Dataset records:
>>>>
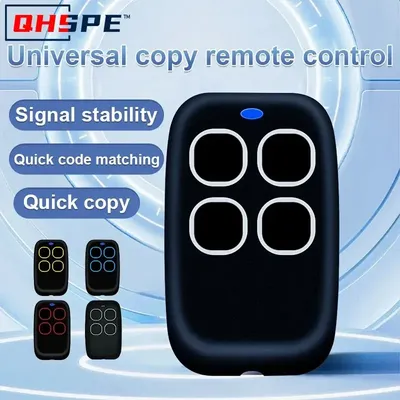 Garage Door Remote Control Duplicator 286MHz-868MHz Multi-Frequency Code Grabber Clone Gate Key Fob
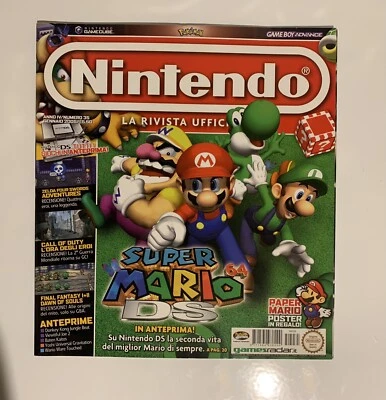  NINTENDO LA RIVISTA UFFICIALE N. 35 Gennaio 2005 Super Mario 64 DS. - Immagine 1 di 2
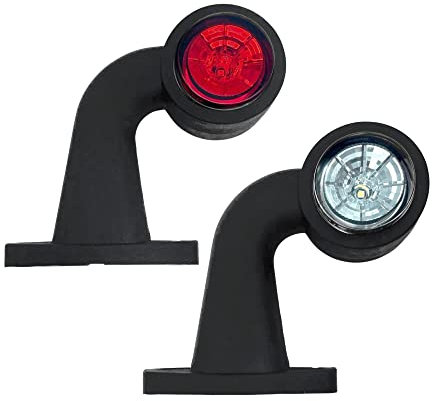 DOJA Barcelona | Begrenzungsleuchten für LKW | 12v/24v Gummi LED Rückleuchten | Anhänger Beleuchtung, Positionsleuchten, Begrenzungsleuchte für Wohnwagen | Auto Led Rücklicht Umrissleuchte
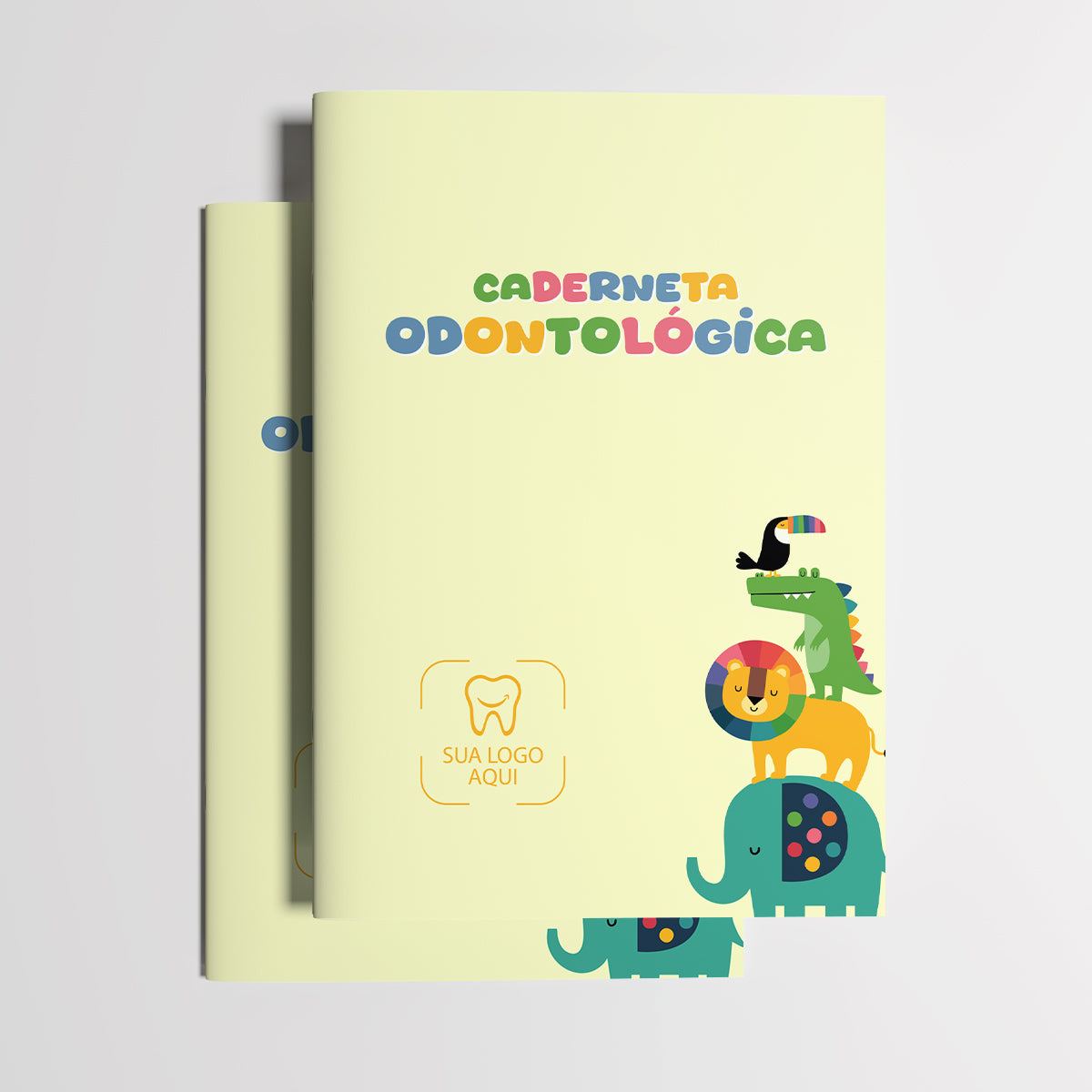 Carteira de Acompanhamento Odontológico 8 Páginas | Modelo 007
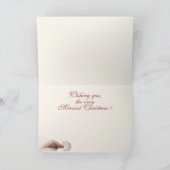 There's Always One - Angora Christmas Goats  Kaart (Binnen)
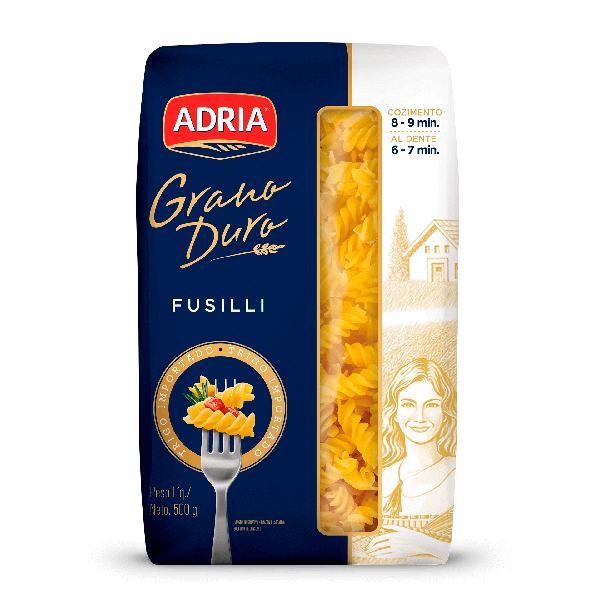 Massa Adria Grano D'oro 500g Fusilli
<<<<
* [Assigned task] In the copy, include every record exactly and no pictures at all.

* [Answer below]
 Garage Door Remote Control Duplicator 286MHz-868MHz Multi-Frequency Code Grabber Clone Gate Key Fob
  NINTENDO LA RIVISTA UFFICIALE N. 35 Gennaio 2005 Super Mario 64 DS. - Immagine 1 di 2
 DOJA Barcelona | Begrenzungsleuchten für LKW | 12v/24v Gummi LED Rückleuchten | Anhänger Beleuchtung, Positionsleuchten, Begrenzungsleuchte für Wohnwagen | Auto Led Rücklicht Umrissleuchte
 Carteira de Acompanhamento Odontológico 8 Páginas | Modelo 007
 There's Always One - Angora Christmas Goats  Kaart (Binnen)
 Massa Adria Grano D'oro 500g Fusilli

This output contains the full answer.